Incumbent Bayonne Councilman Gary La Pelusa knows he has a battle ahead in the June 15 run off election if he is to retain his 3rd Ward seat.
“I was really surprised at the outcome,” he said this week, as he gears up his campaign against Ray Greaves – who is being supported by Mayor Mark Smith. “A few days before the election, people were congratulating me, saying I was ahead.”
When the polls closed on May 11, however, La Pelusa was behind, and managed to get into the runoff election because Greaves was about 130 votes shy of the necessary 50 percent to win outright.
“It is very difficult for incumbents to make up votes in this anti-incumbent atmosphere,” said one political observer.
La Pelusa is the victim of one of the largest mayoral victories in Bayonne history, as Smith won his election over Assemblyman Anthony Chiappone and retired police officer, Leonard Kantor, by taking 67 percent of the total vote.
Heading a ticket that critics jokingly called “the no-name ticket” because of how few of the five candidates had much name recognition, Smith carried nearly all of them to victory.
Cotter, in the 1st Ward – like La Pelusa – managed to hold off Smith-backed Agnes Gillespie.
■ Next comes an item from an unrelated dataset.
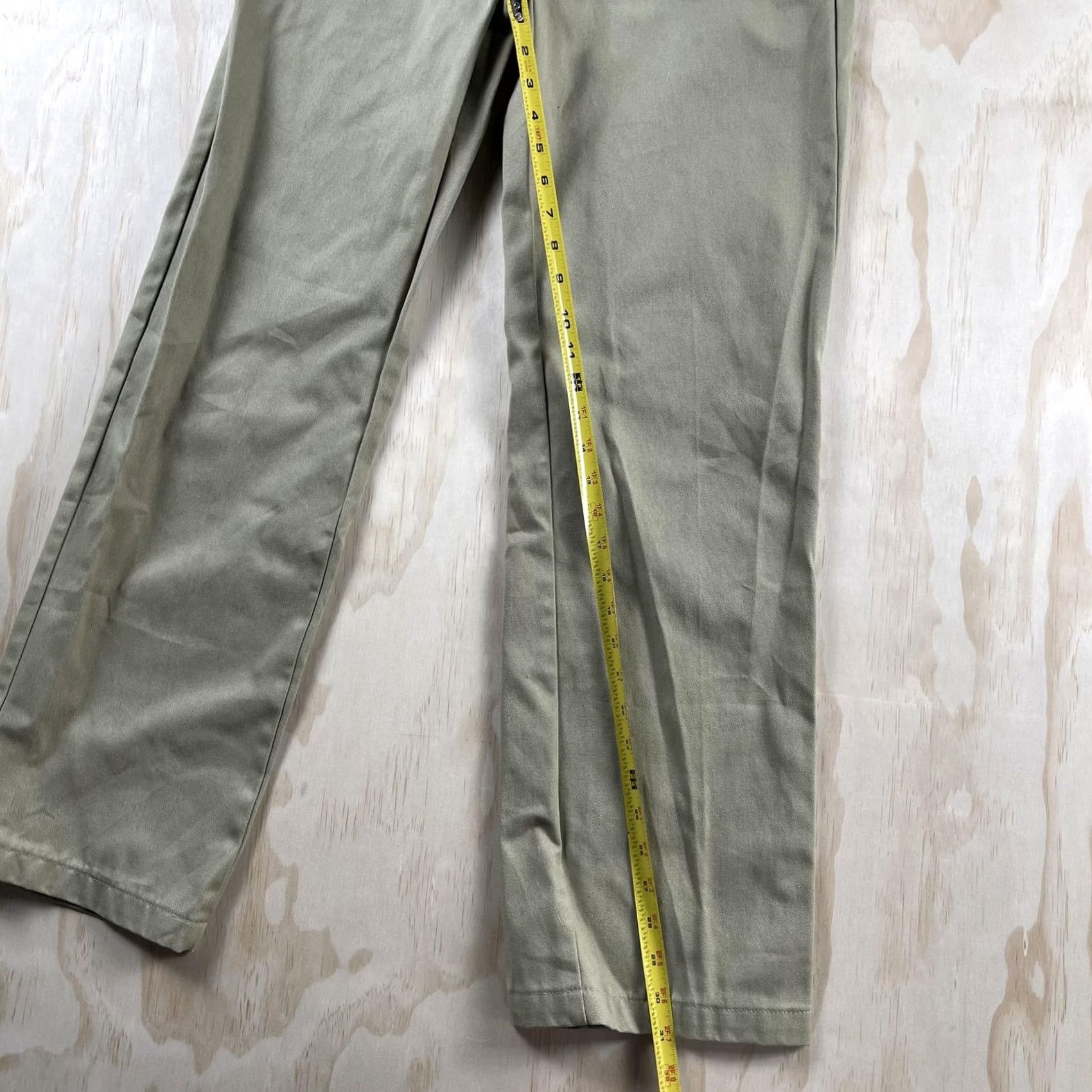 Dickies Dickies Pants Mens 10 Reg Beige Chino Flat Front Straight Leg Casual Workwear Mens Regular Large Beige Chino Straight Leg Dickies 774 Original Fit Size US 31 - 6 Thumbnail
But Cotter also has a chore if he wants to fill the seat vacated by outgoing incumbent Councilman Ted Connolly.
“I’m really hoping Gary and I both can win,” Cotter said. “Otherwise, most council meetings will become ‘Kick around Cotter’ nights,” Cotter said.
Both La Pelusa and Cotter ran in the May 11 election as independents, meaning they were attached to no ticket. While this may seem like an advantage in a year when outsiders are considered admirable in most voters opinions, elections are rarely won on personality alone.
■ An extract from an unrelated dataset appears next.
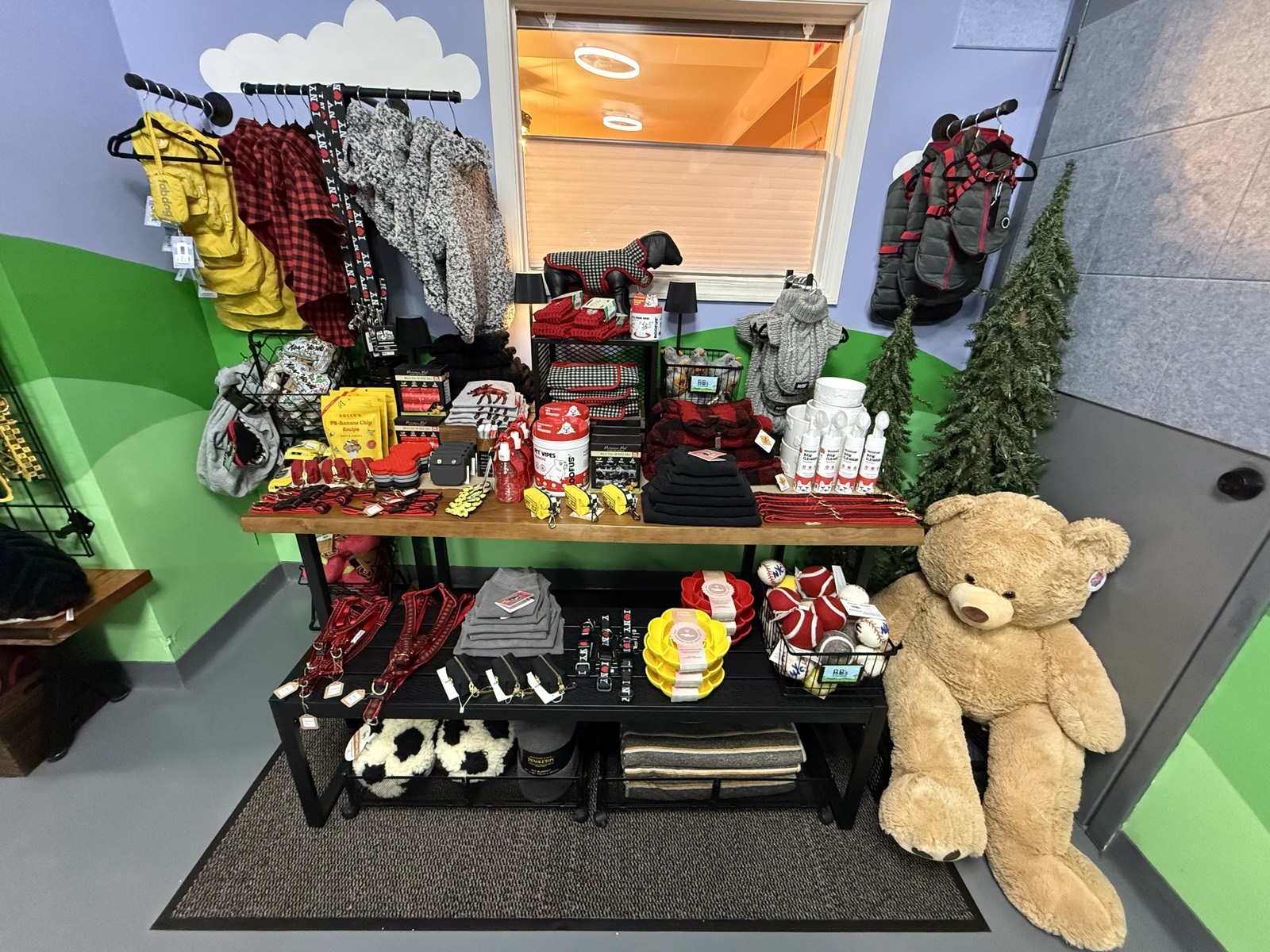 Seasonal apparel and accessories display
Former state Senator Bernard Kenny once noted that every campaign has two parts, the campaign leading up to election day and election day itself. Candidates try to sway voters during the first part, but the second part is won by getting people out to the polls.
While anyone can promise you anything before the election, Smith campaign workers found a way to know if people they spoke to during the first campaign actually showed up at the polls. Kids the campaign hired gave people pieces of paper which got turned in outside the polls.
Secaucus primary
Although no one is officially running as a Republican in the Secaucus primary for town council, a write-in vote could change this – and some people are debating whether or not to vote for Board of Education Trustee Tom Troyer in the 2nd Ward. Troyer said he is happy where he is, but would not discourage people if they chose him.
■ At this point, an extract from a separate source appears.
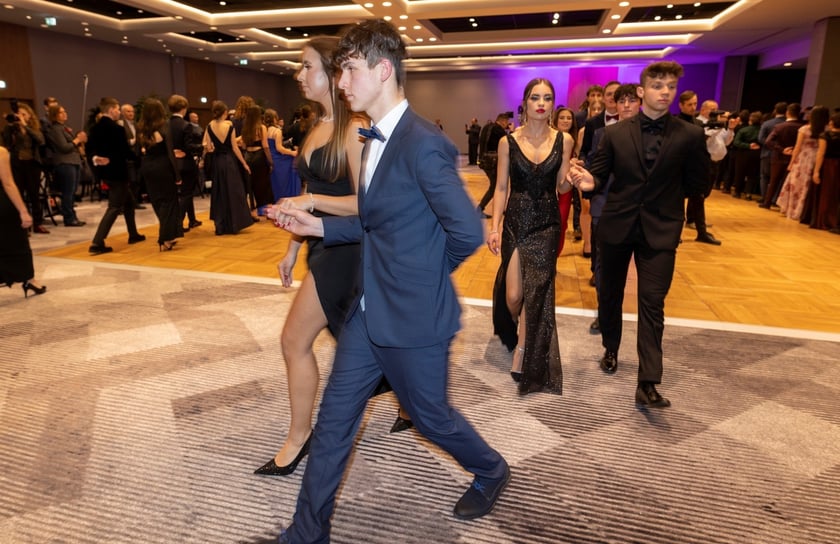 Studniówka XIV LO we Wrocławiu, 21 stycznia 2023 r., Hotel Q Plus na Bielanach Wrocławskich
Meanwhile, one reader of this column took exception to the fact that Mark Buscino was listed as a Democratic candidate, put on the line by Municipal Chairman Vinnie Prieto as the official Democratic choice in the primary.
“You seem to have got it mixed up in Secaucus. Mark Buscino was actually Gonnelli’s choice,” this reader said. “That was the deal he made with Prieto. Sue Pirro, unbeknownst to her, is the sacrificial lamb.”
Mayor Mike Gonnelli has selected Susan Pirro as his 3rd Ward candidate in the November election. Buscino faces a primary challenge from Mike Makarski, who said he believes voters deserve another choice.
Buscino is one of those people courted by several sides in last year’s election. A former Board of Education member, he was courted by former Mayor Dennis Elwell and Gonnelli.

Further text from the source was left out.